In a typical Unix system, privileged operations are made available to ordinary users by way of setuid programs. In a system with capabilities, it is natural to want to associate capabilities with an executable program instead, once again in the hope of limiting the amount of privilege that must be granted. File capabilities, added for the 2.6.24 kernel, provide that feature.

User namespaces allow a set of processes to run as root within the namespace, while mapping the root ID (and possibly others) to normal IDs for actions (such as filesystem access) involving the rest of the system. A process running as root within a user namespace can create a setuid-root binary that will only work as intended within that namespace; it will not be usable to escalate privileges outside of the namespace. The same is not true of file capabilities, though; all user namespaces have the same view of the capabilities associated with an executable file and, since processes in a user namespace lack privilege in the root namespace, they cannot change those capabilities.

File capabilities are implemented using extended attributes; in particular, they are stored in the security.capability attribute. The kernel handles the security.* extended-attribute namespace specially; only a privileged program (one possessing the CAP_SYS_ADMIN capability in particular) can change those attributes. So it is not possible for an unprivileged container running within a user namespace to add capabilities to a file; there is, in any case, no way to store extended attributes such that they are only visible within a given user namespace.

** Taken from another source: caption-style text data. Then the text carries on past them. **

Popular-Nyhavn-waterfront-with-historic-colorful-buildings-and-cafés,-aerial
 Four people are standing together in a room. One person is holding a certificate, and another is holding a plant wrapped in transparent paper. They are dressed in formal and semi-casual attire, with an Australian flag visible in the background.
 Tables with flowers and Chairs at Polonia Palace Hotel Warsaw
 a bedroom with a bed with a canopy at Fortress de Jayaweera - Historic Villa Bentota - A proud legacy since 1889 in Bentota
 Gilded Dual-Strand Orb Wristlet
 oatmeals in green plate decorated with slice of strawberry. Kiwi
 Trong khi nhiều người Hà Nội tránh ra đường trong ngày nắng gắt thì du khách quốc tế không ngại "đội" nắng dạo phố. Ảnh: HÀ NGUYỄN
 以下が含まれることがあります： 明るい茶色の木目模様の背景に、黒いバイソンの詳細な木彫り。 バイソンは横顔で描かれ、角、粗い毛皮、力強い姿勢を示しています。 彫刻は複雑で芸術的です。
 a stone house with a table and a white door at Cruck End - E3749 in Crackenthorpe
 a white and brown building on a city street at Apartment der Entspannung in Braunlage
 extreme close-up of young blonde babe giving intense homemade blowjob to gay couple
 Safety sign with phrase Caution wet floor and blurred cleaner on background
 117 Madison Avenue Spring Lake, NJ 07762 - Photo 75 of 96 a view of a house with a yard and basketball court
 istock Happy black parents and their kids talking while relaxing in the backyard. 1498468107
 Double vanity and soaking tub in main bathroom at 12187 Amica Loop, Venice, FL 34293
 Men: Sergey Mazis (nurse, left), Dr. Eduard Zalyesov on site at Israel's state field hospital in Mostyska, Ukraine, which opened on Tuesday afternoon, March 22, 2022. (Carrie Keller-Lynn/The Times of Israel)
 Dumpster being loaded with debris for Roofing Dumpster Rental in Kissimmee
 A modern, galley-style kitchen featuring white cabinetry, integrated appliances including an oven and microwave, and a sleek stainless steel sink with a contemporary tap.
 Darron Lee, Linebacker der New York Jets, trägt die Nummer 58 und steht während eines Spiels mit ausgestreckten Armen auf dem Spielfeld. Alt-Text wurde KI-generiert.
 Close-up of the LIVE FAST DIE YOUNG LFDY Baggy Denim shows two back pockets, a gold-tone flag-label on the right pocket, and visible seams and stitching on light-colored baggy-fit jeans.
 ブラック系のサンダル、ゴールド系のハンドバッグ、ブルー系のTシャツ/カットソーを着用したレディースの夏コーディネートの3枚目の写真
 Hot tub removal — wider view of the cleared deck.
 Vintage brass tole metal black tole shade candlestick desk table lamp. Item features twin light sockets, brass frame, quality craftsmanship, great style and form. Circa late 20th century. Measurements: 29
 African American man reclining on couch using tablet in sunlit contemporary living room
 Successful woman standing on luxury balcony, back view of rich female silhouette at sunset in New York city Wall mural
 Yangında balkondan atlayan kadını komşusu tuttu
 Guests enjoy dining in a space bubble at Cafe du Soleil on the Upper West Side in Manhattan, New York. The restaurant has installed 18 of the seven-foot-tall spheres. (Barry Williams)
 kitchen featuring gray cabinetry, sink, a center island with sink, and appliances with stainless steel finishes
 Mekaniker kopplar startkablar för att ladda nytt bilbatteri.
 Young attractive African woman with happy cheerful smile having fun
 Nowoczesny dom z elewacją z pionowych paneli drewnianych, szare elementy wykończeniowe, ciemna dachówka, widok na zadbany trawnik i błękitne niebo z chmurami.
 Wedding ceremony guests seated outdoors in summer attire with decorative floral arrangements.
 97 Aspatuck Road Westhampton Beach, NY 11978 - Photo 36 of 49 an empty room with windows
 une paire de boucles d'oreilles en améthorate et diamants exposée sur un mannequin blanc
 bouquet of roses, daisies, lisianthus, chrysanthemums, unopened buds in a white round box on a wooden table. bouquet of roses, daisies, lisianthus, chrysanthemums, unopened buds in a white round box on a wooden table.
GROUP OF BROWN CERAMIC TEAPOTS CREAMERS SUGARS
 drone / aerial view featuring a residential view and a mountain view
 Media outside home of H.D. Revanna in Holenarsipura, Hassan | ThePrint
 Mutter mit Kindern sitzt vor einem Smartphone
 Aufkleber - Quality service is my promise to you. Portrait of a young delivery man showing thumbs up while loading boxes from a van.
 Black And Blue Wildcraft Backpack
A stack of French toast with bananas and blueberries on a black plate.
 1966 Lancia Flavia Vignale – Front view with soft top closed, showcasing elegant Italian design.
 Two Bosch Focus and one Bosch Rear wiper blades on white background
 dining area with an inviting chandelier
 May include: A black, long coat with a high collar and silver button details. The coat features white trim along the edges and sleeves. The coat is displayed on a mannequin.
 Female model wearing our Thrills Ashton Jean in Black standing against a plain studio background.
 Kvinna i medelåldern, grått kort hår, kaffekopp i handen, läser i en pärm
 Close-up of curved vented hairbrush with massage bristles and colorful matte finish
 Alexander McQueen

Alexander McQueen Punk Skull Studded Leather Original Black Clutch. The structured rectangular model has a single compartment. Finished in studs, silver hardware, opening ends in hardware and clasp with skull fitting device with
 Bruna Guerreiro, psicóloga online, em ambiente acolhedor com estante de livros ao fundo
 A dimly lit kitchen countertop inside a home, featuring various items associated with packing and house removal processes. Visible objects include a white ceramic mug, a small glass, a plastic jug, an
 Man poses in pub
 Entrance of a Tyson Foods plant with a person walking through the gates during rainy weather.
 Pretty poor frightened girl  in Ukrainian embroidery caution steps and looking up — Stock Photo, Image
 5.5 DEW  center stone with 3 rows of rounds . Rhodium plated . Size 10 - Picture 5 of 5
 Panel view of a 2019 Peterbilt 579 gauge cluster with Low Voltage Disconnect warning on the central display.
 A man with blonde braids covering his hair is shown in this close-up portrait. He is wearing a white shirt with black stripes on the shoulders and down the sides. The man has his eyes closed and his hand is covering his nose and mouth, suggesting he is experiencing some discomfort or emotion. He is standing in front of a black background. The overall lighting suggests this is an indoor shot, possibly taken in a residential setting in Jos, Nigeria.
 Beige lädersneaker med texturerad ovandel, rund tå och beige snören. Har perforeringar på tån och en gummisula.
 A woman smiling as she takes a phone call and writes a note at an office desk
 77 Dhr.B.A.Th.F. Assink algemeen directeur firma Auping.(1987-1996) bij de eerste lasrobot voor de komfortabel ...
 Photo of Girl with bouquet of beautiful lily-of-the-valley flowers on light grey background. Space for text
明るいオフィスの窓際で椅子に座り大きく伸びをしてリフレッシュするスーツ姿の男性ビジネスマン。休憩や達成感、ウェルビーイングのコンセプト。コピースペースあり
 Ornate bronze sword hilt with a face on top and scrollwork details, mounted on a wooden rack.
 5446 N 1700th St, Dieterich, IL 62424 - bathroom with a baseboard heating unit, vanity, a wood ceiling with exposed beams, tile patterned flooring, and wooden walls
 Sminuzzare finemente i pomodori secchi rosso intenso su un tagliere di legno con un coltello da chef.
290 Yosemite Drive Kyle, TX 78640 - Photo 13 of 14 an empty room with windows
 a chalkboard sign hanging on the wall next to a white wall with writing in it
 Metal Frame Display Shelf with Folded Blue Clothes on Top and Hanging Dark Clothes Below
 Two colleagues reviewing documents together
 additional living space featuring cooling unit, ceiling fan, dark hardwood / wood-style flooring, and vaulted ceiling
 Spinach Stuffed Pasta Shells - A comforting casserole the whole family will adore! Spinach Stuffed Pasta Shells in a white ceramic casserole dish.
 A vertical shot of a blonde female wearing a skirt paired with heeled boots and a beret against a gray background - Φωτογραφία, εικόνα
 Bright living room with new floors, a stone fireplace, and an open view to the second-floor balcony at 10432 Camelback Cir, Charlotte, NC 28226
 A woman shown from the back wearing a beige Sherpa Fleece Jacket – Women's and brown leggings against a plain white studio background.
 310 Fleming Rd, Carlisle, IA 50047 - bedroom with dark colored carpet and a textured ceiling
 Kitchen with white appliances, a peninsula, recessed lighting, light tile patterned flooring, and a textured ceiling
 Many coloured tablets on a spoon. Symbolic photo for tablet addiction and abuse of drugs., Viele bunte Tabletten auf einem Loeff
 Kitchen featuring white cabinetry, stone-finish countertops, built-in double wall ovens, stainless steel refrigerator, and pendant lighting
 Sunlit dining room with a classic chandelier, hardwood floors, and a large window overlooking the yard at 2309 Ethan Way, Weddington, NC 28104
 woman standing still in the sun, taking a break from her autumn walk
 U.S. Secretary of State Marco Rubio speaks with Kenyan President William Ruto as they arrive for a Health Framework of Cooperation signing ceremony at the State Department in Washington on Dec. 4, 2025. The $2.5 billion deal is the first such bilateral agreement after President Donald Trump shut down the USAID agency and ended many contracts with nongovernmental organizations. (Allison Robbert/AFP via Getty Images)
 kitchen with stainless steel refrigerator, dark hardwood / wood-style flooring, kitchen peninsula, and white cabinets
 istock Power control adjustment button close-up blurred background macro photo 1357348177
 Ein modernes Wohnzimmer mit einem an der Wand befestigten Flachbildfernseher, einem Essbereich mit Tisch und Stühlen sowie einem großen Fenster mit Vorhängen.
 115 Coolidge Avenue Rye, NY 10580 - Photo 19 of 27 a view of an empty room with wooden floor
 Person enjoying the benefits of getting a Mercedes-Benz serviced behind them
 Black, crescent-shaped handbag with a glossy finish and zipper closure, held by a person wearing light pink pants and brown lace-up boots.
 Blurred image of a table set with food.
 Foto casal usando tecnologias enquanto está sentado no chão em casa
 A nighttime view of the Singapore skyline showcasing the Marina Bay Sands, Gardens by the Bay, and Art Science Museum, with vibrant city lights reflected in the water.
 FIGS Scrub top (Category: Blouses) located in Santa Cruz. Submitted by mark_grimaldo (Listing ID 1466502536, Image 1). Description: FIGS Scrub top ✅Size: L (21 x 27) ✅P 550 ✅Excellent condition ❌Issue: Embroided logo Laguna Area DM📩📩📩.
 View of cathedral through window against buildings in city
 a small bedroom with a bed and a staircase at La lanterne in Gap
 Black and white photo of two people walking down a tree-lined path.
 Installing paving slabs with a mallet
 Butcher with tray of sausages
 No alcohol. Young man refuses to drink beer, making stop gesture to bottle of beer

The proposed patch set, posted by Stefan Berger, aims to change that by extending the extended-attribute syntax. This is done by decorating attributes with syntax describing the user ID (in the root namespace) associated with UID zero within a user namespace. So, for example, if a user with UID 1000 starts a user namespace, processes running as root within that namespace will access the filesystem with the original ID of 1000. If that user adds capabilities to a file within the user namespace, those capabilities will actually be stored in an extended attribute named:

    security.capability@uid=1000

Outside the namespace, this new attribute will have no effect. Within any namespace mapped to UID 1000, though, that attribute will appear as simply security.capability, so the program contained within that file will run with those capabilities in its masks.

This mechanism does not apply to extended attributes in general; it is, instead, restricted to a specific set of attributes that the kernel cares about. In the patch set, security.capability is obviously one of those attributes; the other is security.selinux, allowing for namespace-specific SELinux labels on files. The SELinux attribute was later removed, though, after SELinux maintainer Stephen Smalley pointed out that it would not work as intended.

Casey Schaufler objected to this mechanism, noting that if two user namespaces are both running mapped to UID 1000 and sharing a directory tree, file capabilities set in one of those namespaces will be visible in the other. He argued that the user ID is the wrong key to use for file capabilities; instead, he said, there should be some sort of persistent ID associated with the user namespace itself. Serge Hallyn (who had posted a namespaced file-capabilities patch of his own that had served as inspiration for Berger's work) disagreed, though, saying that the feature was working as designed.

James Bottomley, instead, objected that this mechanism will work poorly on systems where user IDs for containers are allocated dynamically. He asked for a simple @uid suffix, which would be picked up in any user namespace. Hallyn indicated openness to adding that suffix as an additional feature.

It would seem that most of the concerns about the feature itself have been headed off, so this patch set may be well on its way toward acceptance. That does, of course, leave out the biggest point of contention of all, one that was inevitable in retrospect: the proper formatting of the namespace-specific extended-attribute names. So the final form of the attribute may be something like security.ns@uid=1000@@.capability when the dust settles. Otherwise, though, namespaced file capabilities may be a kernel feature in the relatively near future.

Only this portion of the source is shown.